# Direct-To-Garment (DTG) entry level options?



## Atari (Jun 28, 2006)

What are the lowest priced options for Direct-To-Garment printing?


What makes & models are out there overall and at what prices?

Which ones will print white?



Here's a list of models I know of so far:


Fast T-Jet / T-Jet II 
Brother GT-541
Flexi-Jet
DTG Kiosk
DTC-4000 NaturalLink
Kornit
Mimaki
Tex-Jet


----------



## identityburn (Feb 24, 2006)

I didn't even realize there were that many out now. Here is the link for the Fast T-Jet entry level model: http://screenprinters.net/product.php?pid=tjet2

They are far too slow and expensive for my taste right now. If you do a lot of multicolor work it is nice, but if you're just doing basic 1-color to 3-color designs it seems like this wouldn't have a very high ROI.


----------



## tcrowder (Apr 27, 2006)

here you go, they have a board for all the printers you listed

http://www.inkjetgarmentprinters.com/forums/forums.html


----------



## dub3325 (Jun 7, 2006)

sheesh, I wish I had the funds or investors to pickup one of those badboys.


----------



## Rodney (Nov 3, 2004)

I know one of our members here, Printchic, has owned a Fast T Jet and a Brother.

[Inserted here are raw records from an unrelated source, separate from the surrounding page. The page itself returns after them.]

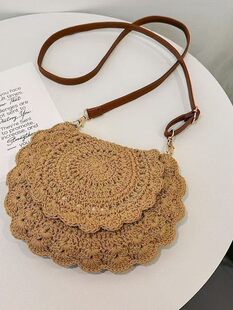Ins cotton woven bag hollow shoulder semi-circle straw bag women's lace cross-body holiday style beach bag cross-border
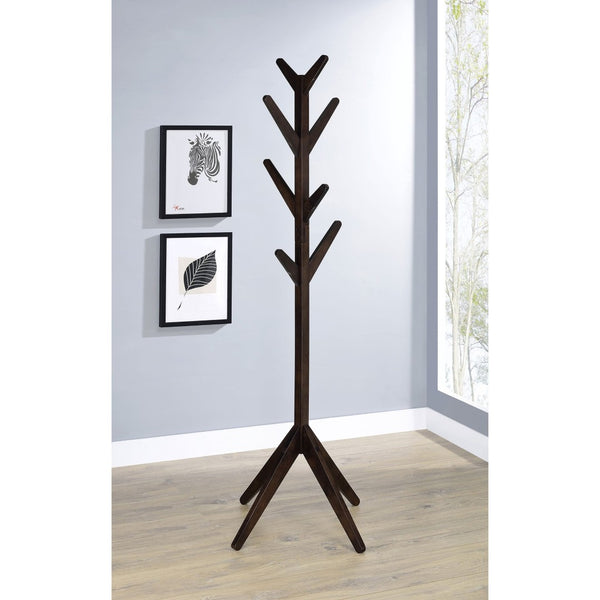 English Elm Cappuccino Rubberwood Freestanding Tree Coat Rack with Eight Hooks for Foyer Organization B062P522003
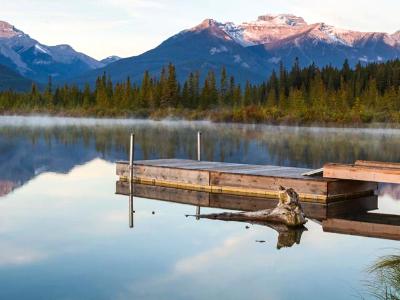 Vermillion Lakes Dock Panorama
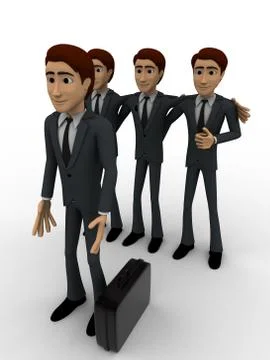 3d men team select person for work concept Stock Illustration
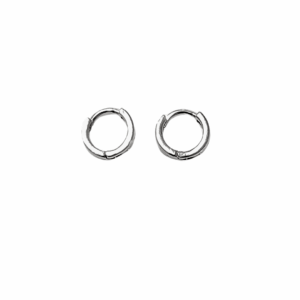 ARAS FIT REDONDEADAS #3  |   Aretes huggies tipo arracada - chicos   |   Laminado en rodio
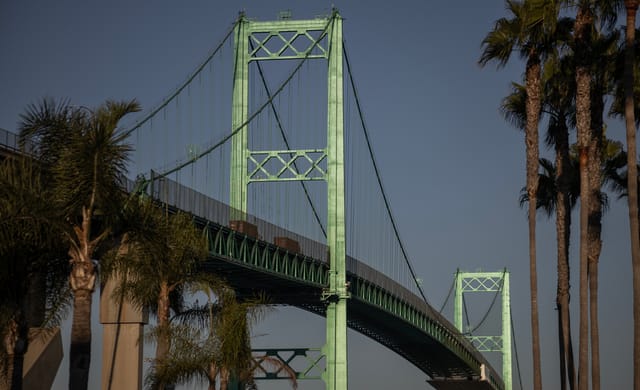 Two trucks drive across a tall, green bridge surrounded by palm trees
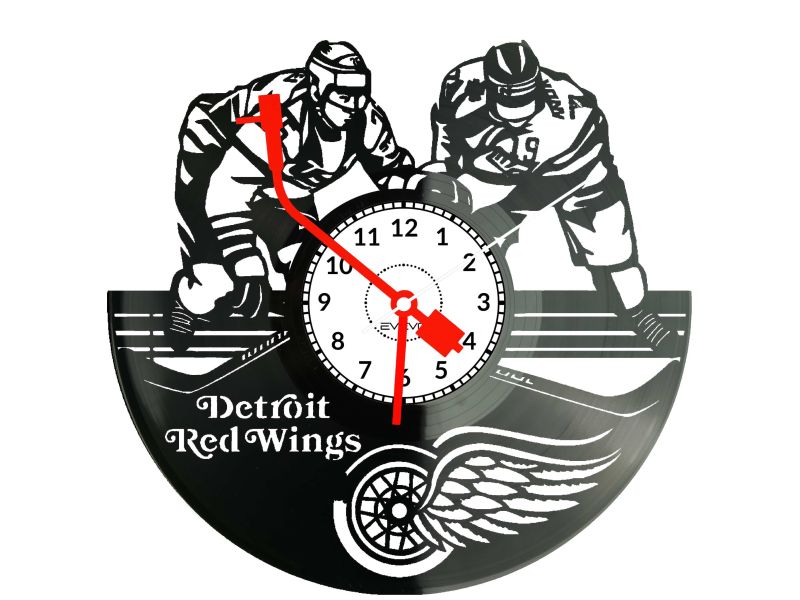 Detroit Red Wings NHL Hokej Zegar Ścienny Płyta Winylowa Dla Fana Na Prezent Urodziny Dla Niej Dla Niego Upominek V0065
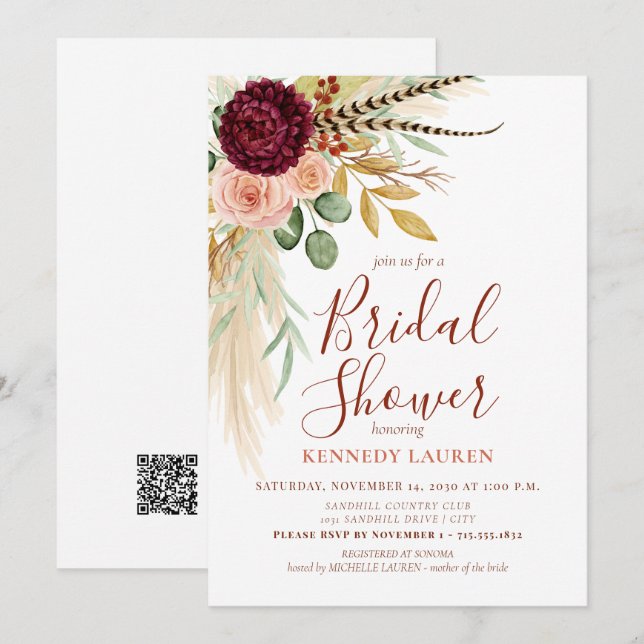 Pampasgras Boho Floral Brautparty QR-Code Einladung (Vorne/Hinten)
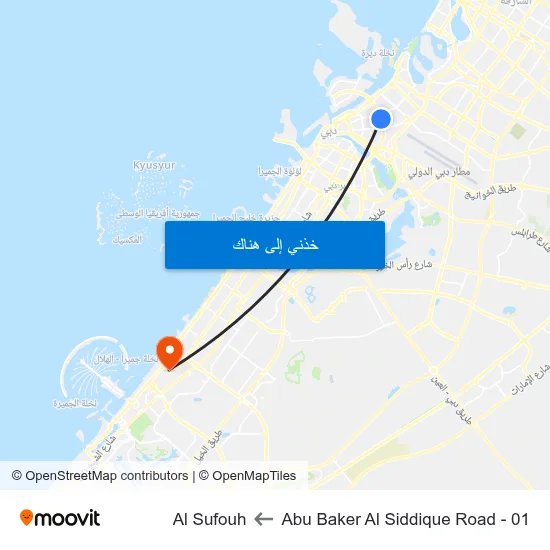 Abu Baker Al Siddique Road - 01 to Al Sufouh map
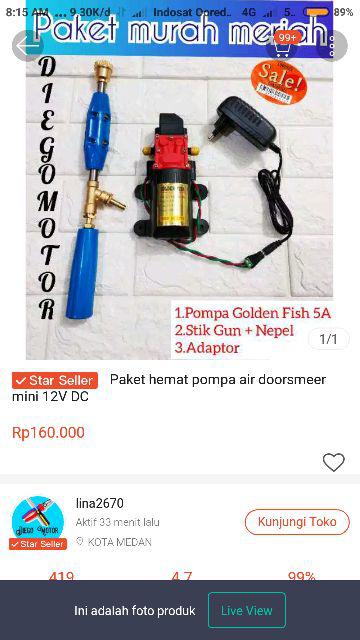 Paket Hemat Lengkap Tanpa Selang Pompa Air Doorsmeer Mini 12v Dc New Golden Fish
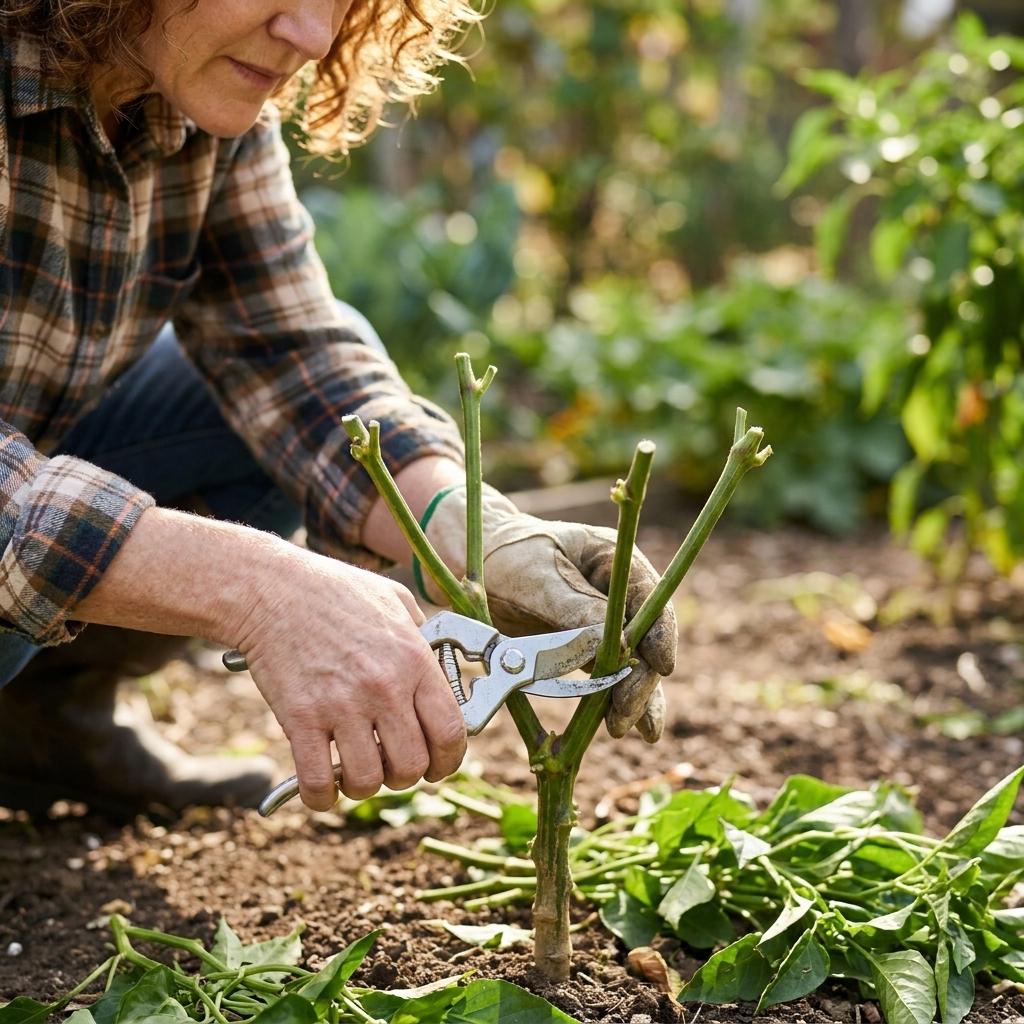 Hands using clean garden pruners to cut back a pepper plant to a short, sturdy framework with several main branches remaining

She wrote about her experiences a few times; most recently in this thead here:
http://www.t-shirtforums.com/showthread.php?t=3962

I may go to the ISS Tradeshow in Long Beach coming up to see some in person. But if anybody else has any information, it would be great to post it here


----------



## Atari (Jun 28, 2006)

I didn't know if it would be ok to posts links to other forums... but on the forum listed above, there is a fantastic comparison of output from Brother & a "Flexi"

http://www.inkjetgarmentprinters.com/forums/topic-1887.html


some of you guys going to the conventions should make a similar test file and bring a handful of shirts then report back to _this forum_ with the results


----------



## JeridHill (Feb 8, 2006)

[there is another one] that will be available in August that is based on the 4800 like the FlexiJet but the cost of this machine will be alot more affordable than anything of comparable quality on the market.

That's the beauty of this technology, something always gets better and prices eventually decrease.


----------



## Atari (Jun 28, 2006)

Nice!  

When I originally made this post, I didn't know that so many DTG printers out there were based on off-the-shelf epson printers.

At this point, I've been doing some tests & I'm just going to build my own 

There is a thread going on at inkjetgarmentprinters.com on the subject right now.


----------